Share

Heritrix: Internet Archive Web Crawler

Tracker: Feature Requests

5 Improved out-of-the-box defaults - ID: 983109
Last Update: Comment added ( karl-ia )

Andy Boyko says:

...I've got a few questions about the default
configuration
values, towards making the crawler most useful right
out of the box.

- Invocation: it seems pretty clear that crawls are
safest with some
memory headroom. Can the bin/heritrix script default
JAVA_OPTS to
"-Xmx256m" if it's not otherwise set?

- Extractors: how experimental are the non-enabled
variants? I recall
that in February, we were encouraged to use HTML2 and
CSS, but that some
leaked memory (PDF? DOC? SWF?). Is it safe to change
the defaults to,
at the least, include CSS? Of the potentially leaky
ones, SWF seems the
most compelling for enabling by default.

- Filters: If I understand the "recheck-scope" setting
on the
preselector, it needs to be set for scope changes
during the crawl to be
detected and honored. Assuming it doesn't affect
performance too much,
can it default to on?

Is it worthwhile to enable by default either PathDepth or
PathologicalPath filters, presumably with generous but
non-infinite values?

- Politeness: I know per-host bandwidth usage got moved
to the "expert"
section, but it might be good to default the per-host
cap to something
maybe T1-like (thus, perhaps 150KBps or so) to avoid
pummelling sites
with large files, when crawling from a large pipe. (Is
the per-host cap
like the total-bandwidth cap, in that it doesn't
actually constrain
instantaneous traffic, only the average?)

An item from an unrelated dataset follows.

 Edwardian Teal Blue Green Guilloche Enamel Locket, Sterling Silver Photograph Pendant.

At any rate, it's clear there's not a lot between here
and 1.0 (but
please see the bug I submitted today :) Thanks for
the great work and
breakneck pace, Heritrix-meisters!

Regards,
Andy Boyko aboy@loc.gov
Library of Congress


Igor responds....

>> - Invocation: it seems pretty clear that crawls are
safest with some
>> memory headroom. Can the bin/heritrix script
default JAVA_OPTS to
>> "-Xmx256m" if it's not otherwise set?


Sure. Maybe we should adopt IBM's JVM approach where
default size of the heap is a half of a
system's physical memory.


>> - Extractors: how experimental are the non-enabled
variants? I recall
>> that in February, we were encouraged to use HTML2
and CSS, but that some
>> leaked memory (PDF? DOC? SWF?). Is it safe to
change the defaults to,
>> at the least, include CSS? Of the potentially leaky
ones, SWF seems the
>> most compelling for enabling by default.

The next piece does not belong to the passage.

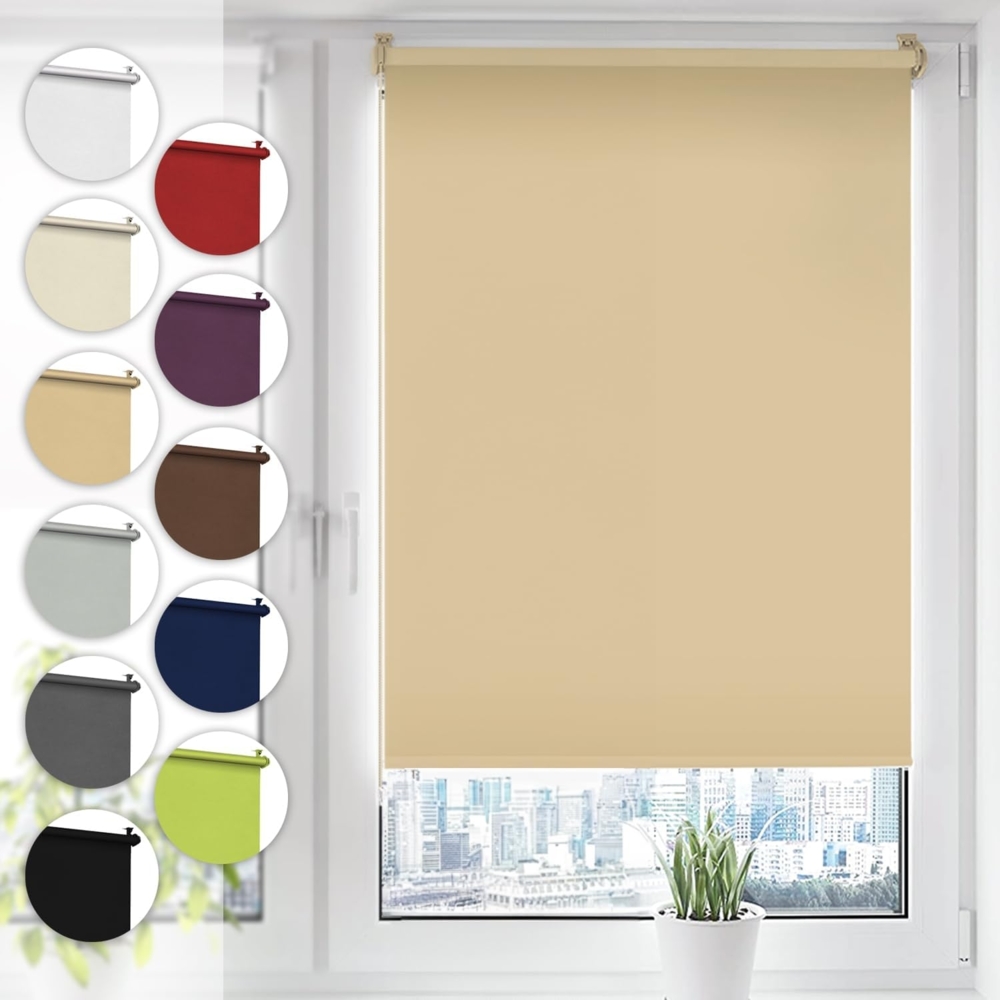 Verdunkelungsrollo Klemmfix ohne Bohren 90cm x 210cm Beige Verdunklungsrollo Fensterrollo Rollo Seitenzugrollo Klemmrollo für Fenster & Tür Bild 1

We should have HTTP, HTML, CSS, JS and SWF be defualt
extractors.
We changed SWF extractor to use memory more efficiently
and I have not have memory problems with it
since.
PDF and DOC extractors are still problematic. I have
been working on a new, more memory efficient
PDF extractor but is not ready yet. DOC parsing is a
problem since DOCs cannot be parsed by treating
them as randomly accesable streams. Beacause of this it
is necessary to load entire DOCs into memory
in order to parse them.
HTML2 extractor(horrible name btw) is making two passes
on javascript code. One pass examains all
strings in javascript code and second pass parses
javascript code as html. HTML extractor is making
only the fisrt pass. I believe that HTML extracotr got
better and that there is no need of HTML2
anymore.
I will have to do some comparison to confirm this.

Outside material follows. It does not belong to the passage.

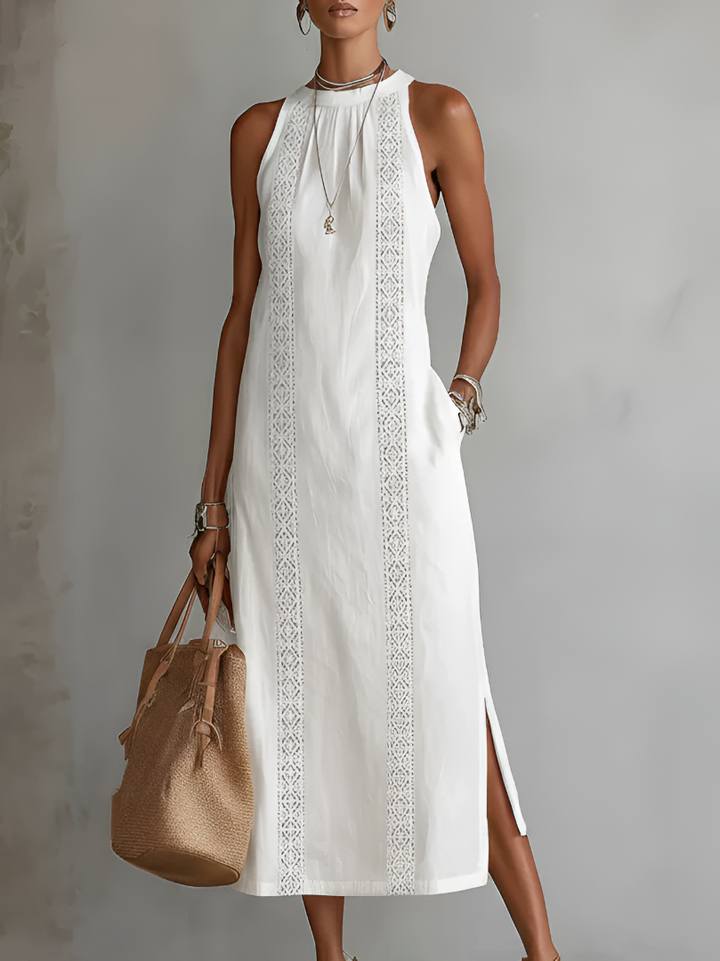 Casa Marbella™ | Vestido Midi Jimena Bordado con Cuello Mao y Corte Relajado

>> - Filters: If I understand the "recheck-scope"
setting on the
>> preselector, it needs to be set for scope changes
during the crawl to be
>> detected and honored. Assuming it doesn't affect
performance too much,
>> can it default to on?


I have no preferences on this one. Though, it seems
right as is.


>> Is it worthwhile to enable by default either
PathDepth or
>> PathologicalPath filters, presumably with generous
but non-infinite values?


I agree. I usually set PathDepth to 20 and
PathologicalPath to max of 3 repetitions of a pattern.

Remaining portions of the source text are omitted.